=== Description of the task ===
Please transcribe the data that follows without the pictures, keeping every word the same.

=== Data section ===
################
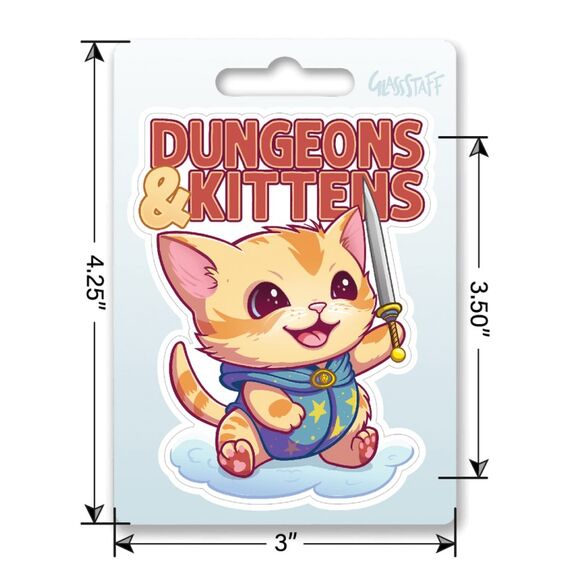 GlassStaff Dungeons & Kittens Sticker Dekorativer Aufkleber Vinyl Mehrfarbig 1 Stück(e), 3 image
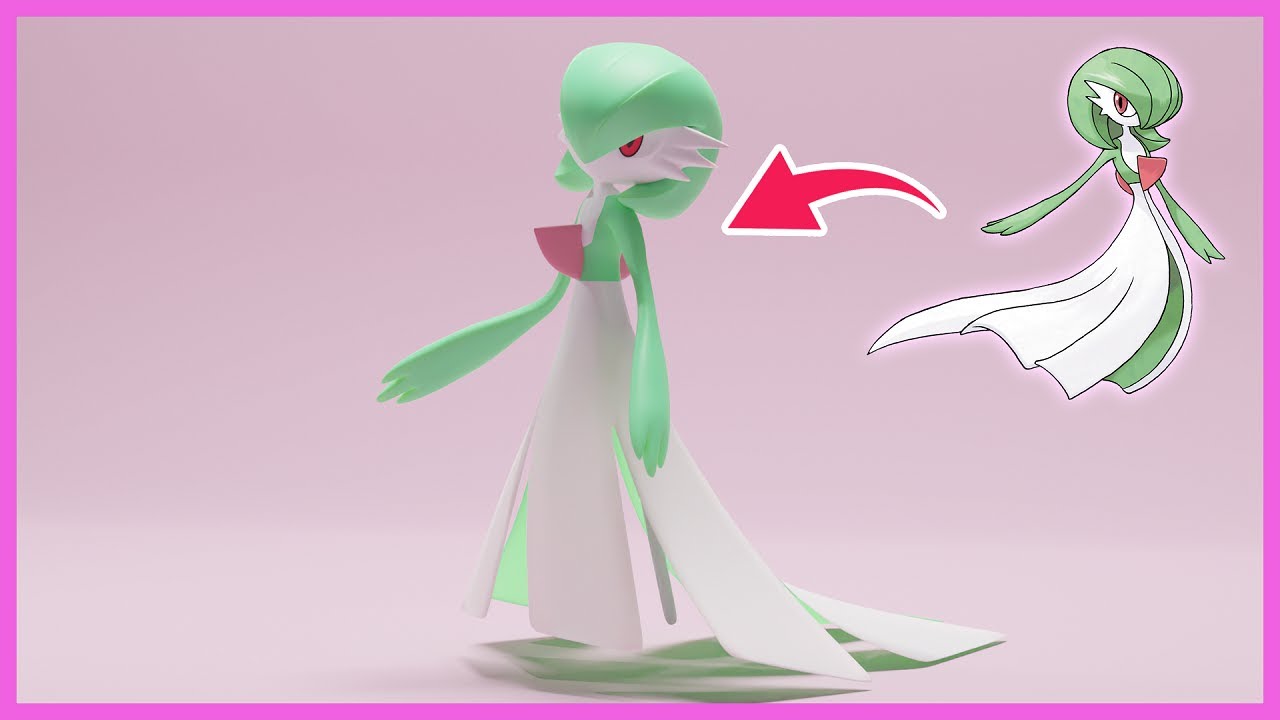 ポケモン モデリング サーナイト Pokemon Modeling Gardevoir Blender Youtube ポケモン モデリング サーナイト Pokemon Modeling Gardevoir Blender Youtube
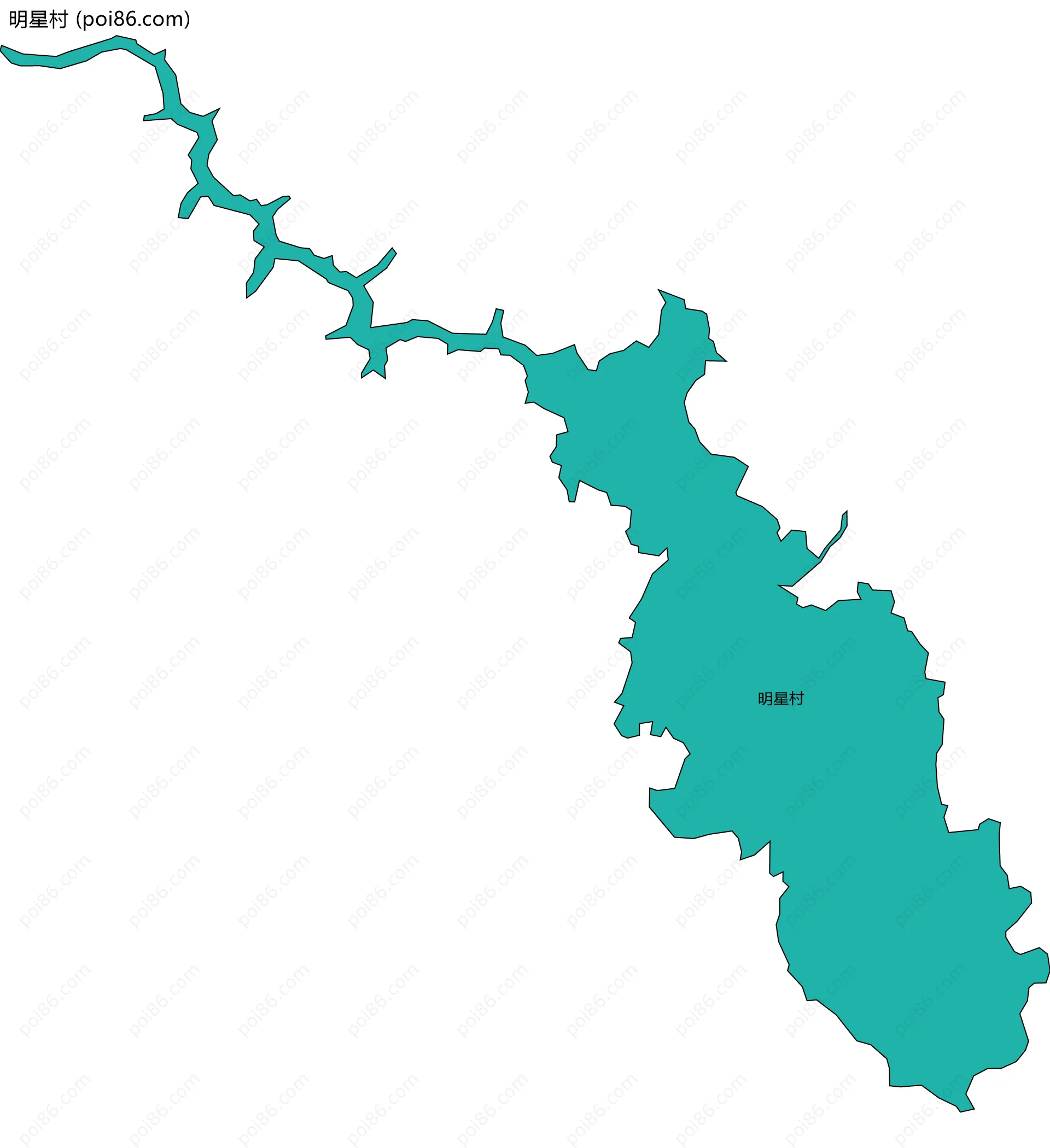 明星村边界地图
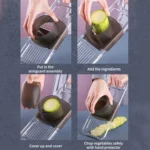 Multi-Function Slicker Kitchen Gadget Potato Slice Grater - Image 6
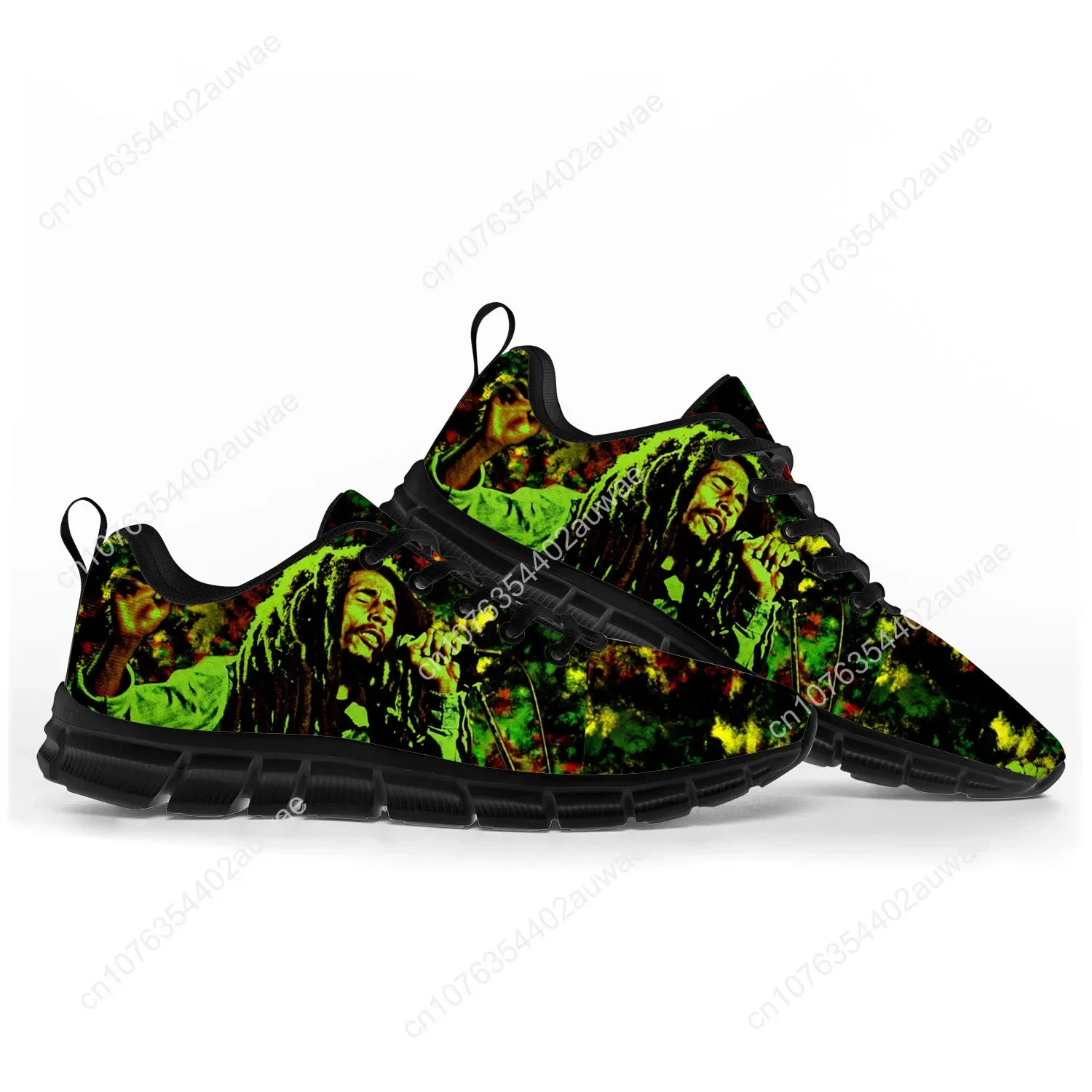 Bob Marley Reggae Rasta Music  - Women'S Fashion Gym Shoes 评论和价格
################
=== Answer ===
 GlassStaff Dungeons & Kittens Sticker Dekorativer Aufkleber Vinyl Mehrfarbig 1 Stück(e), 3 image
 ポケモン モデリング サーナイト Pokemon Modeling Gardevoir Blender Youtube ポケモン モデリング サーナイト Pokemon Modeling Gardevoir Blender Youtube
 明星村边界地图
 Multi-Function Slicker Kitchen Gadget Potato Slice Grater - Image 6
 Bob Marley Reggae Rasta Music  - Women'S Fashion Gym Shoes 评论和价格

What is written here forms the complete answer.